▶ [WORK TO BE COMPLETED]:
With the pictures left out, transcribe exactly the lines from the one with "Einfaches elegantes Foto" through the end of the data.

▶ [SUPPLIED MATERIAL]:
+--
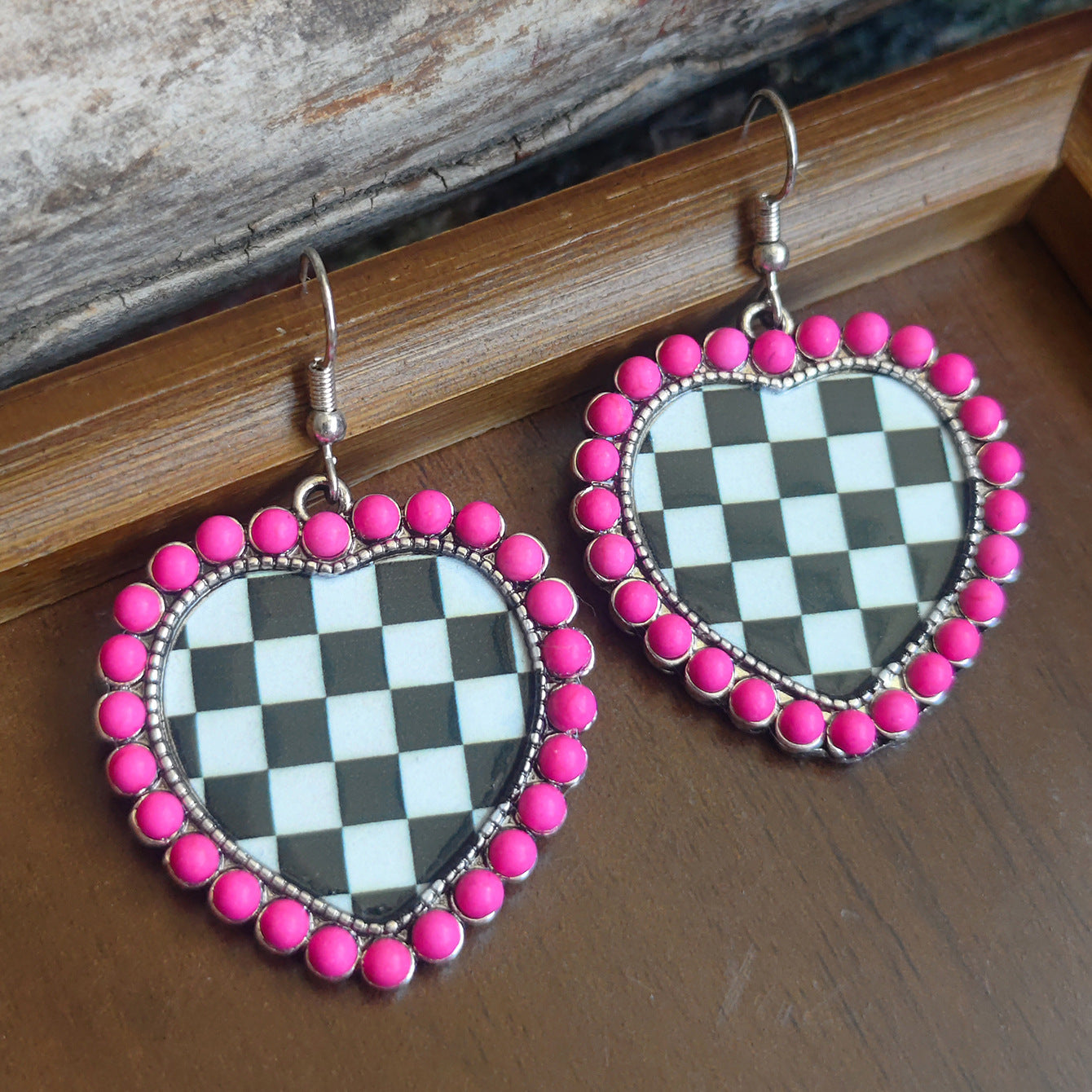 Wholesale Retro Bohemian Heart Pendant Necklace Blue Zinc Alloy Plated Chain Western Cowboy Style Jewelry Accessory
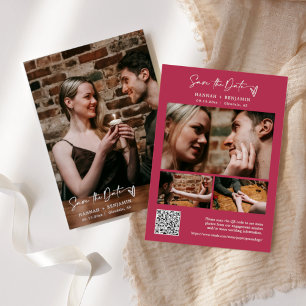 Einfaches elegantes Foto Viva Magenta QR Code Save The Date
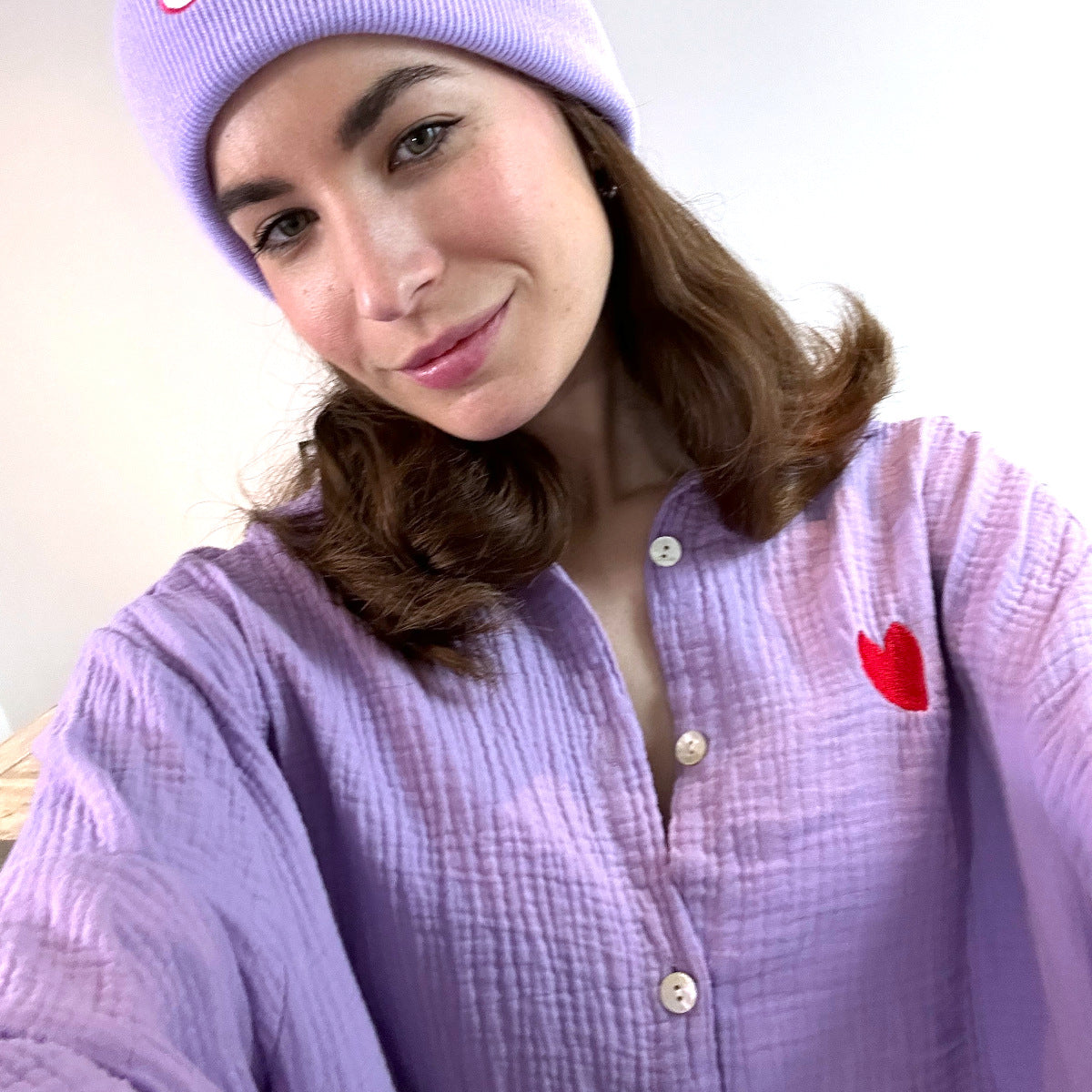 Musselin Blouse "Herzchen" in Lavendel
+--
▶ [RESULT OF THE EXERCISE]:
 Einfaches elegantes Foto Viva Magenta QR Code Save The Date
 Musselin Blouse "Herzchen" in Lavendel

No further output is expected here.